Casey Means is President Donald Trump’s pick for surgeon general. However, she has been encountering mounting pressure as senators review her nomination. During her appearance before the Senate Health, Education, Labor, and Pensions Committee, Means offered a preview of how she could approach the role, while fueling debate over her qualifications and views.
Johnathan Cohn, an analyst with The Bulwark, called the President’s latest pick for surgeon general “a big warning sign.” Casey Means is up for a confirmation hearing for what many believe to be the most important medical role in the country.
The role would put her face front and center as the representative of the traditional medical establishment, which she has been criticizing during her work as a wellness influencer and business owner.
Casey Means doesn’t even have a Medical license nor did she finish her Surgical Residency! Being a Medical Professional myself there’s no way I would ever consider employing someone like her.She’s definitely not taking this career seriously nor does she have the training needed! pic.twitter.com/RJvAo9il7c
— Suzie rizzio (@Suzierizzo1) March 3, 2026
Two weeks ago, when she was giving her testimony before the committee, Means did not seem too eager to state the fact that the flu vaccine is safe and effective. Cohn thought for a moment that she was “tailoring her statements to avoid political blowback.”

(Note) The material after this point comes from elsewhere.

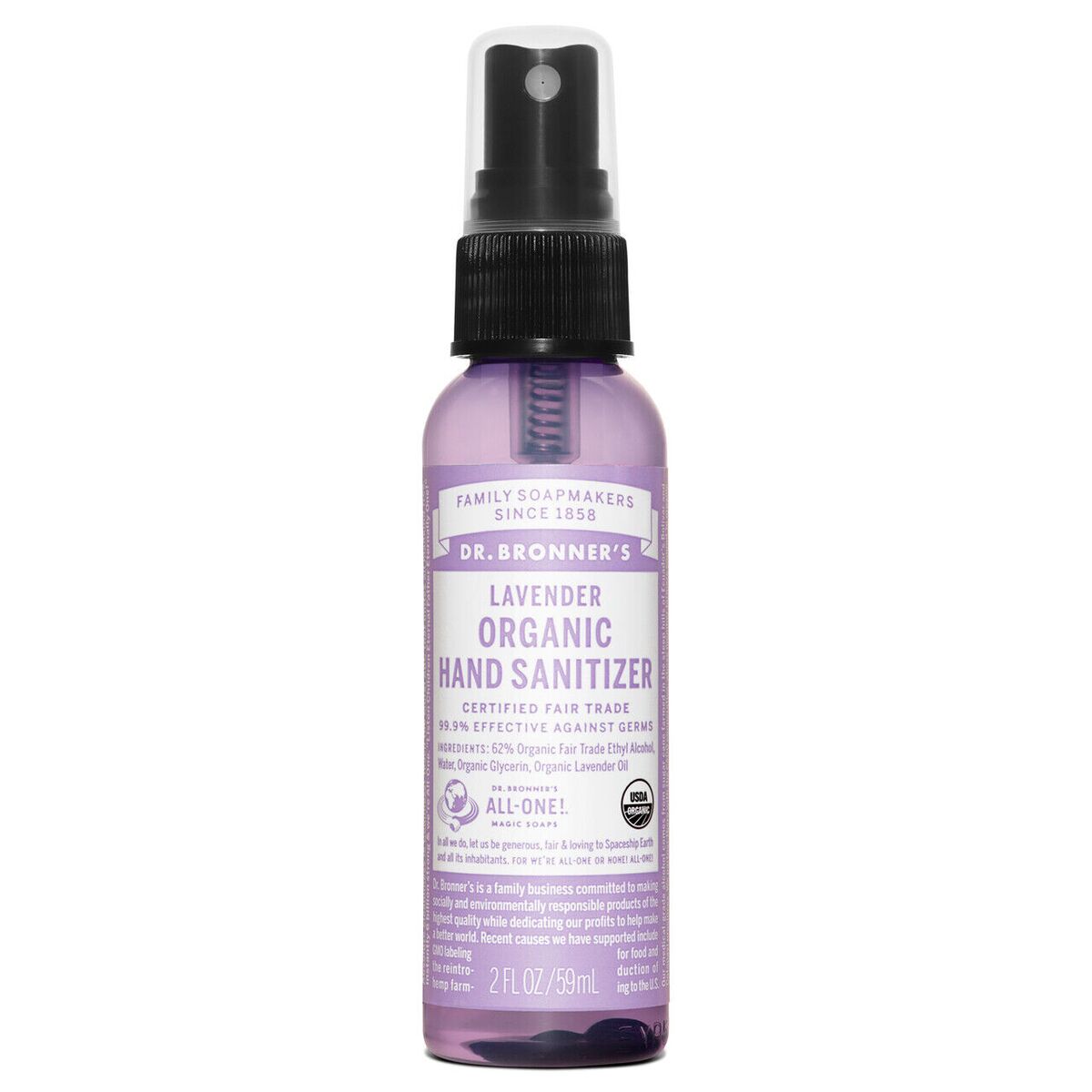 Handreiniger Dr Bronner's 60 ml Lavendel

Cohn further added, “That’s a big warning sign on a nomination where the lights were already blinking bright red.” Means came before the committee, carrying a controversial track record. She is friends with Health Secretary Robert F. Kennedy Jr., who has a history of denying vaccines and being skeptical of modern medicine. Reports say that Means has been paid in the past to promote health and wellness companies that sell dangerous products.
Cohn said that Means’s answers during the hearing made him think about what kind of use she would make of the surgeon general’s powers to shift the national health care debate. Another major weakness of Means’ resume is that she lacks a medical license.
He said, “That is important because a lot of what the surgeon general does is to try to understand how medical care works and get the people who provide it to change what they’re doing.”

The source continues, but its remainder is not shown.